The Supreme Court has just handed down its judgment in the highly anticipated finale of the long running saga of Abbey Heathcare and Simply Construct. The Court of Appeal had granted summary judgment of an adjudication decision, finding that the collateral warranty in question was a construction contract for the purposes of the Housing Grants, Construction and Regeneration Act 1996.
The Supreme Court disagreed, finding that a collateral warranty where the contractor is merely warranting its performance of obligations owed to the employer under the building contract is not an agreement “for the carrying out of construction obligations”.
Burges Salmon comment:
This case provides clarity on the status of collateral warranties and returns the position to pre-Parkwood v Laing O'Rourke [2013]. That case had decided that a collateral warranty could be a construction contract, but the Supreme Court largely rejected that position. The Supreme Court decided that only warranties by which the contractor undertook to carry out construction operations for the beneficiary, distinct from those owed under the building contract, (which will likely be very rare in practice) would be construction contracts.
It now appears that disputes under collateral warranties will need to be dealt with outside adjudication, unless specific contractual adjudication provisions are added to the warranty itself.

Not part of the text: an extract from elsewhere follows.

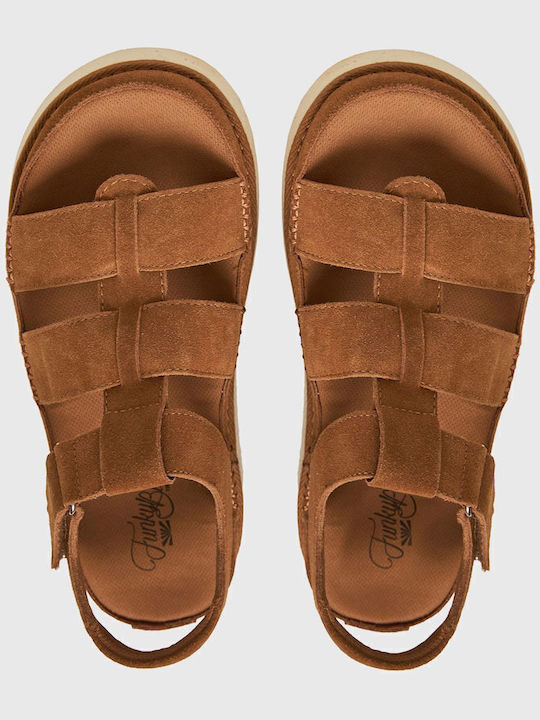 Women's Flat Sandals in Brown Color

66. Whether or not the carrying out of construction operations has to be the main object or purpose of the agreement, it must surely be necessary for the agreement to give rise to the carrying out of such operations. A collateral warranty that merely promises to the beneficiary that the construction operations undertaken under the building contract will be performed does not do so. In such a case, it is the building contract that gives rise to the carrying out of the construction operations; not the “collateral” warranty.